The estimated 215 unmarked graves of students found in Kamloops, B.C. less than a month ago, and a further estimated 751 unmarked graves reported earlier this week as having been found at the site of the former Marieval Indian Residential School near the Cowessess First Nation in southern Saskatchewan, has shocked Canadians of all backgrounds.
This is not a time to be silent, but a time to ask questions and learn, said Ash.
“In times of grief and sadness, there’s an opportunity for us as an educational system to make sure we’re using these teachable moments to encourage conversations in our classrooms,” Ash commented in a phone interview.
“It creates learning opportunities for us, and speaks to the importance of following through on the commitments we have made,” he said.
Meanwhile, Nova Scotia’s school curriculum has been evolving to include more education about First Nations culture.
Students are engaging in conversations about the province’s Mi’kmaq and their culture. On a broader scale, they’re being educated on treaties and the residential schools and have stepped up to take part in activities such as Orange Shirt Day, aimed to show support for residential school survivors, and projects related to Missing and Murdered Indigenous Women concerns.
First Nations staff and students are a big part of the school community.

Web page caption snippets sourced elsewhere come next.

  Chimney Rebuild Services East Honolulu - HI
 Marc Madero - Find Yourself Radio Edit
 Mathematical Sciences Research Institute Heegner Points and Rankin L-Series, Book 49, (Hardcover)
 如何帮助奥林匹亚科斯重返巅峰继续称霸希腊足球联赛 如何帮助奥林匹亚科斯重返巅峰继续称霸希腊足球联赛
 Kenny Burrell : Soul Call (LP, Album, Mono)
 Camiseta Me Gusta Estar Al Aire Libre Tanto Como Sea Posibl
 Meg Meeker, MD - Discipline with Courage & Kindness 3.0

Members of the Wildcat Reserve In Queens County work hand-in-hand with educators and students on various projects, according to Ash.
“I am extremely impressed with the First Nations community on the South Shore. They have been very open to working with us and working with our schools,” he commented. “I also think our students are absolutely fantastic in terms of demanding better from us as a larger society with the conversations they are having.”

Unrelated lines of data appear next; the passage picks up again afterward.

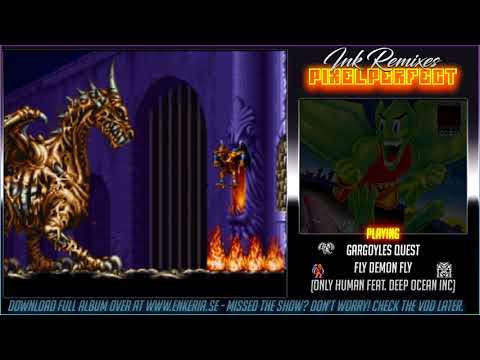 Gargoyles Quest - Fly Demon Fly (Only Human Feat. Deep Ocean Inc)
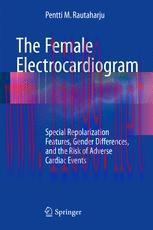 [PDF]The Female Electrocardiogram: Special Repolarization Features, Gender Differences, and the...
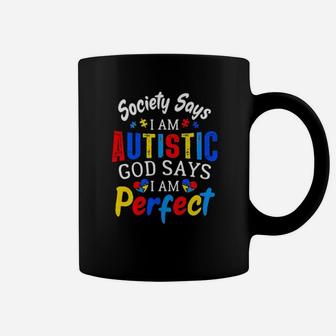 Society I Am Autistic God Says I Am Perfect Autism Awareness Coffee Mug - Monsterry UK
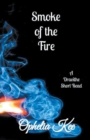 Image for Smoke of the Fire A Draoithe Short Read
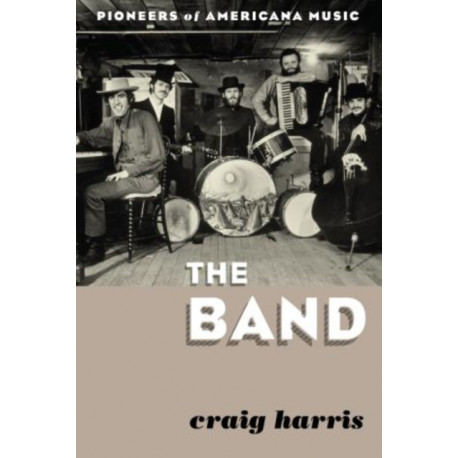 The Band: Pioneers of Americana Music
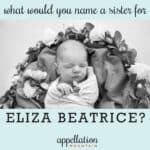 Name Help: Sister for Eliza Beatrice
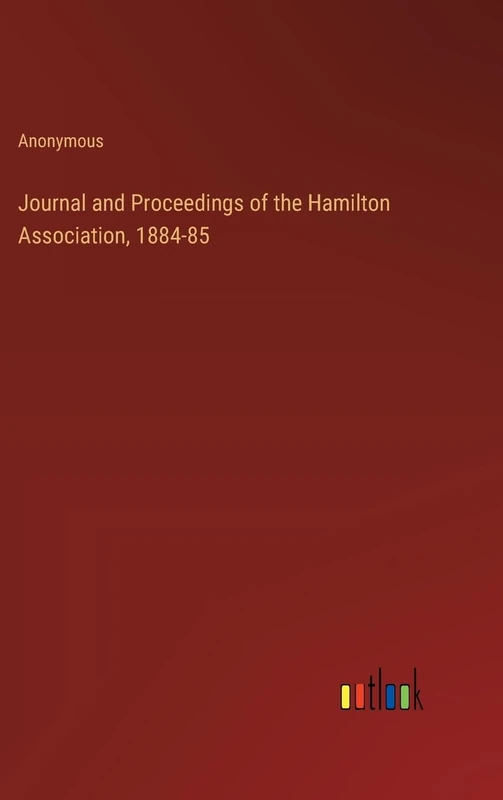 Journal and Proceedings of the Hamilton Association, 1884-85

The SSRCE has taken a “multi-layered” approach to education around First Nations culture, and learning opportunities are included at all grade levels, Ash explained.

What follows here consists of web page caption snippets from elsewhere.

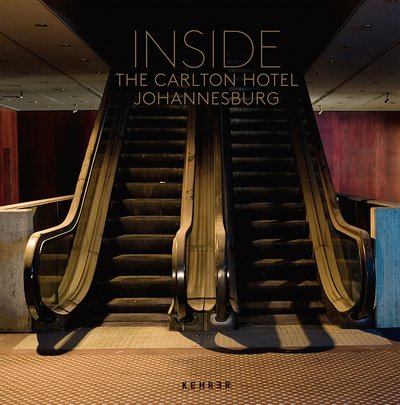 Cover for Bennett · Inside The Carlton Hotel Johannesburg (Hardcover Book) (2017)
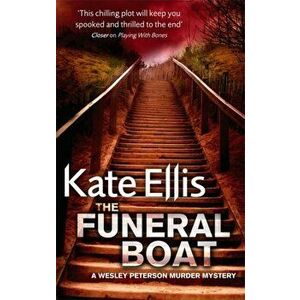 The Funeral Boat. Book 4 in the DI Wesley Peterson crime series, Paperback - Kate Ellis imagine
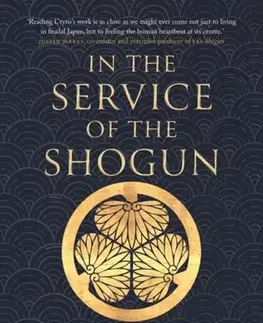 História In the Service of the Shogun - Frederik Cryns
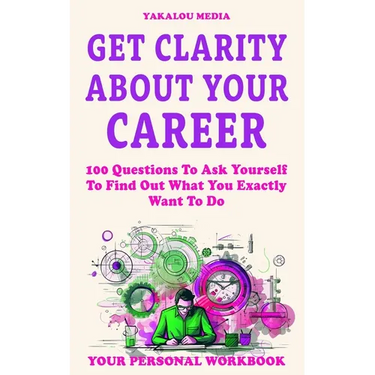 Get Clarity About Your Career: 100 Questions To Ask Yourself To Find Out What You Exactly Want To Do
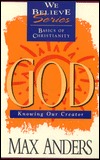 God: Knowing Our Creator (We Believe Series Basics of Christianity)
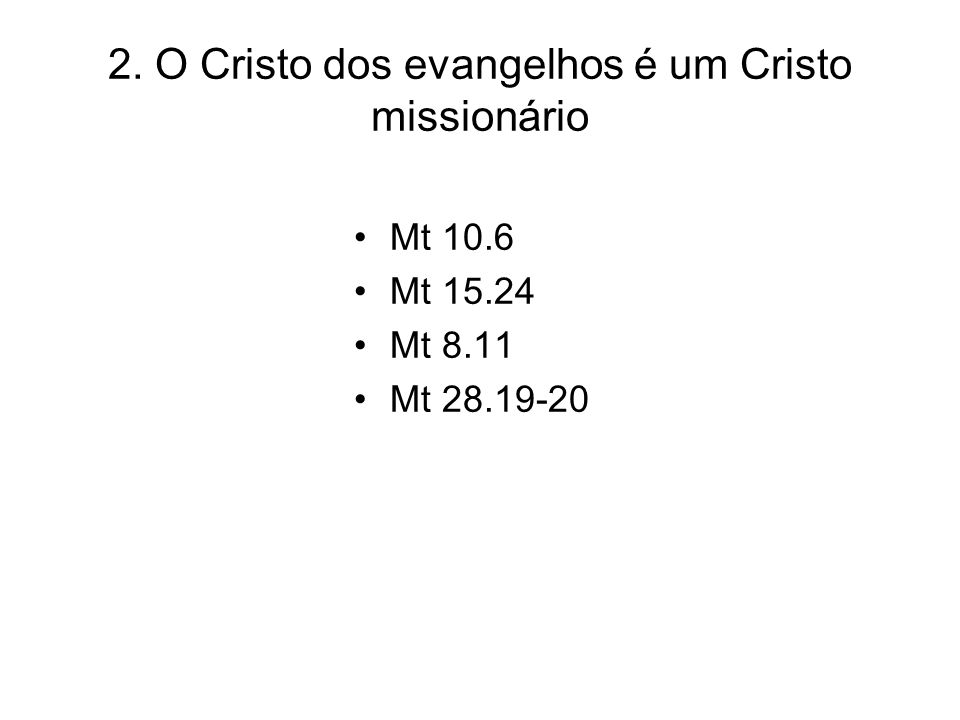 2. O Cristo dos evangelhos é um Cristo missionário
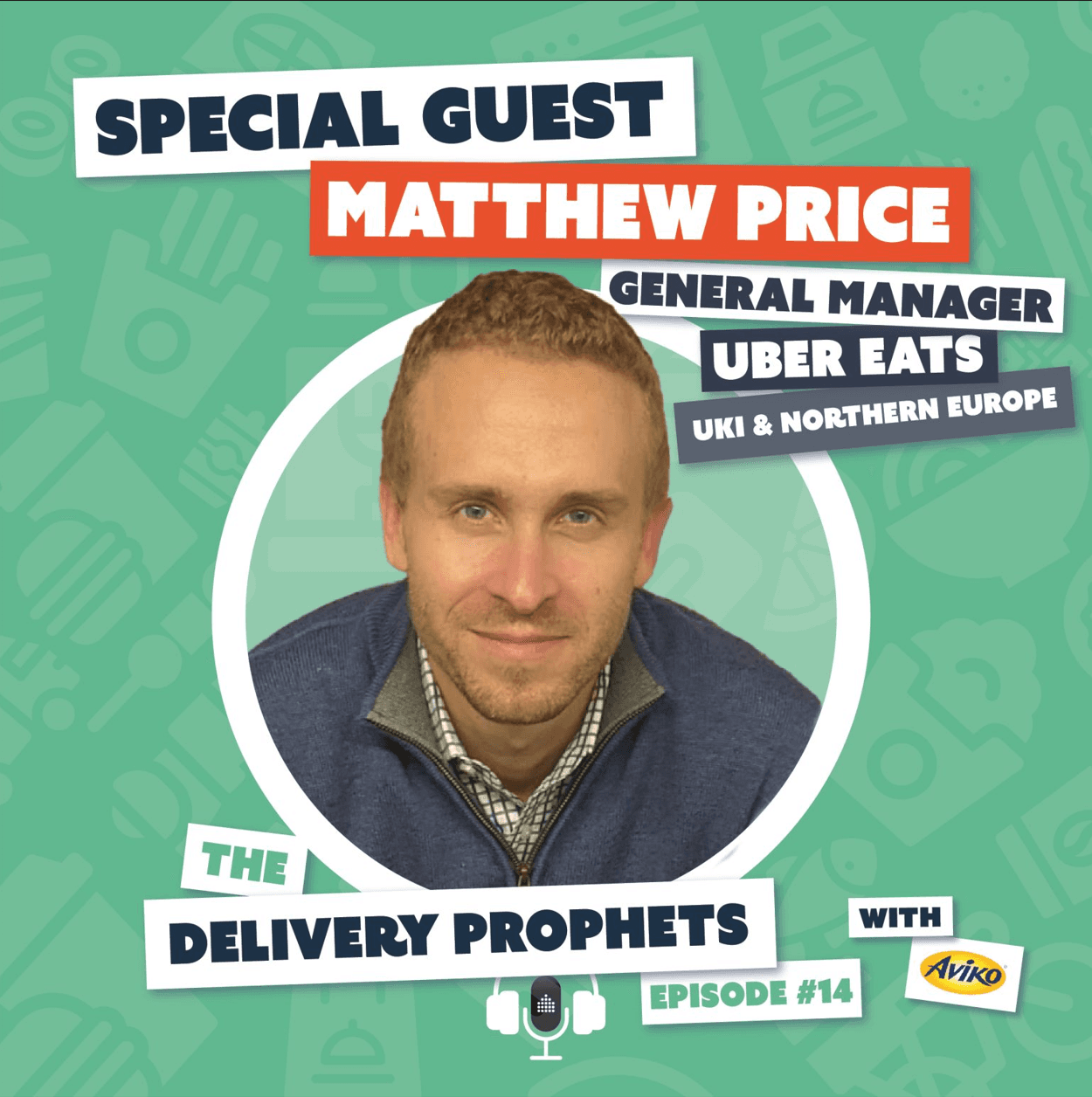 matthew price uber eats the delivery prophets podcast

“I think we are moving in the right direction. We’re trying to maintain and enhance our relationship with the local First Nations communities and we are proud of some of the work that we’ve been able to accomplish,” he said.
“But there is more work to be done and we’re committed to doing that work,” he added.
Schools in the province are also working on overall inclusivity in the education system. Last year the province rolled out its Inclusive Education Policy, which, according to Ash, speaks to “our responsibility to ensure all students are reflected and validated in the education process.
“It also speaks to the need for us as an education system to ensure all individuals are exposed to diverse perspectives and understanding as well.”
According to the Truth and Reconciliation Commission of Canada, there were 130 residential schools located across the country, with the last one closing in 1996. The commission has indicated that the government-funded, church-run schools were set up to eliminate parental involvement in the intellectual, cultural and spiritual development of Aboriginal children.
With the initial uncovering of graves in B.C. there has been a concerted push to search for possible more unmarked graves or grave sites where residential schools were built.
The only residential school in Nova Scotia was the former Shubenacadie Indian Residential School that was built in 1928-29 in the Sipekni’katik district of Mi’kma’ki, at the top of a small hill between Highway 2 and the Shubenacadie River. The school was open until 1967.
Initial investigations around the school site have been done with no unmarked graves or burial sites found at this point.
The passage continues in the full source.